Midsize SUVs Disappoint in Small Overlap Front Crash Test
The Chevrolet Equinox and its twin, the GMC Terrain, are the only midsize SUVs out of nine evaluated to earn a good rating in the Insurance Institute for Highway Safety (IIHS) small overlap front crash test, which continues to challenge manufacturers more than a year and a half after its introduction.
The Equinox and the Terrain qualify for the Institute's highest award for 2014, TOP SAFETY PICK+. The Toyota Highlander, a midsize SUV whose acceptable small overlap rating was announced in December, also qualifies. The award is given to vehicles with a good or acceptable small overlap rating, good ratings in four other occupant protection tests, and a rating of basic or higher for front crash prevention.
Three midsize SUVs in the test group received a 'poor' rating for small overlap protection, including the Kia Sorento, the Mazda CX-9 and the Honda Pilot. Three others received a 'marginal' rating, including the Ford Explorer, Jeep Grand Cherokee and Toyota 4Runner. The Highlander earned an 'acceptable' rating.

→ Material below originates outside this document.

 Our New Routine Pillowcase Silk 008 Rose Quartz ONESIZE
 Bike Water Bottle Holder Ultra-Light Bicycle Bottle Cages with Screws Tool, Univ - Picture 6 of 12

"SUVs have gotten much safer over the past few generations, but some are better than others at providing comprehensive front crash protection," says David Zuby, IIHS executive vice president and chief research officer. "When it comes to midsize SUVs, General Motors is showing the way forward. The Equinox and Terrain score well in all components of the small overlap test — structure, restraints and kinematics, and injury measures for four body regions."
The small overlap test replicates what happens when the front corner of a vehicle collides with another vehicle or an object such as a tree or utility pole. In the test, 25 percent of a vehicle's front end on the driver's side strikes a rigid barrier at 40 mph.
The Honda Pilot was the worst performer in this group. The driver's space was seriously compromised by intruding structure. In the worst instance, the parking brake pedal moved inward 16½ inches. The dummy's head barely contacted the frontal airbag before sliding off the left side, as the steering column moved 5½ inches to the right. Measures taken from the dummy showed injuries to the left hip would be likely in a crash of this severity, and injuries to the left knee and both lower legs would be possible.
A good or acceptable rating for small overlap protection, along with good ratings in the moderate overlap front, side, roof strength and head restraint tests, is now a requirement for IIHS TOP SAFETY PICK designation. The Equinox, Terrain and Highlander all earned the higher accolade of TOP SAFETY PICK+ because each is available with an optional front crash prevention system.